Photographic intimacy is not easily won from hard streets, hot rappers, cool Kids, Cairo (his kid), or the Berkeley Art Museum. A gaze, hazy—worth a look. But this viewer, on holiday, barred entry from concrete foyer, is forced to turn away (even The Cheeseboard’s vacation is comparatively abbreviated). Sorry, Ari. Reach you another day…



Maurice Sendak
“There’s a Mystery There: Sendak on Sendak”
Contemporary Jewish Museum
September 8, 2009 – January 19, 2010

Inevitably: Sendak strung upon an ethnographic cross. But also strollers full keel, A Kiss for Little Bear, Max and Mickey in full-bleed dress rehearsal, biographical facts (a heart attacked suffered at Tate Britain in 1967, still later suffering for the love of a psychoanalyst). Bravely revisit childhood’s line drawings, before Spike Jonze. And find them, in cahoots with that other story (are your visuals loyal to your narrative?) tattled on by wall text. [Spoiler Alert] The Wild Things are named Moishe, Bruno, Emil, Bernard, Zippy. Textured illustrations make for extra lines to read between. So what’s in a picture, Maurice? (What you look for.)



“One Day: A Collective Narrative of Tehran”
Intersection for the Arts
November 4, 2009 – January 23, 2010

The lay of the land in Tehran. Under foot, a die-cut magic carpet cartograph (Hemami). Framed pages from a notebook-in-lap, ballpoint-in-hand richter-scale held in a taxi, traveling (Heyadet). An auspicious bird in a cage on video loop (Sirizi). Iranian radio excerpted and translated: “We are going to show our strong fist to the world”; “Our artists expect us to support them” (Alizadeh). At day’s end, a diagram of dissident emotion, banned from its city of origin.



“The Anniversary Show”
SF MoMA
December 19, 2009 – January 16, 2010

Carefully examine Rauschenberg’s palimpsest-performance de Kooning (1953), once witnessed by an accessory Jasper Johns. Present in absence and home for the (75th) holiday, a modern gem from a filling-the-holes-in permanent collection, culminating in emerging Mission school (the 90s made jurassic, already!).
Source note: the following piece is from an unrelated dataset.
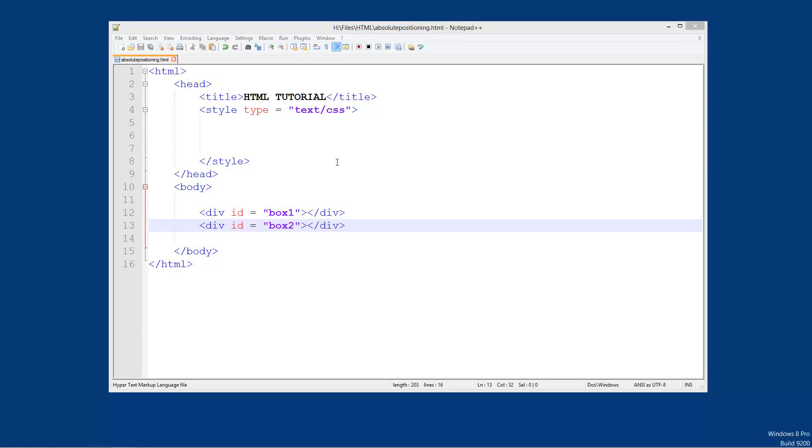Welcome to another HTML and CSS tutorial. In this tutorial we're going to be looking at absolute positioning. Now what absolute positioning is, well we've got two types of positioning in CSS.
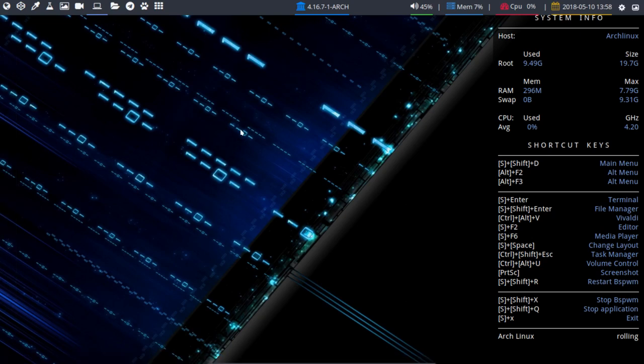Hi, welcome back. I've just installed BSPWM on Arch Linux. We see it here at the bottom, Arch Linux rolling.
“When Lives Become Form: Contemporary Brazilian Art, 1960s to the Present”
Yerba Buena Center for the Arts
5 Nov 09 – 31 Jan 10

Tropical s/punk. Oiticica butts up against assume vivid astro focus territorially; absurd vanilla anus flavor against Hélio, oedipally. Both total environments serve up bean-bag chairs, techno-nostalgie, joy. Food-based sculptures by Rivane Neuschwander engage the grid on a Fischli/Weiss latitude: do ants dream of Beef Carpaccio Pangaeas dividing across the porcelain ocean of a dinner plate? Two generations of Ohtakes don’t know. Jum Nakao offers cake-like creations of laser-cut paper lace, Lygia Clark’s metal Bichos bend and collapse. All stoically arranged by Japanese curators, letting go no gleeful crumbs.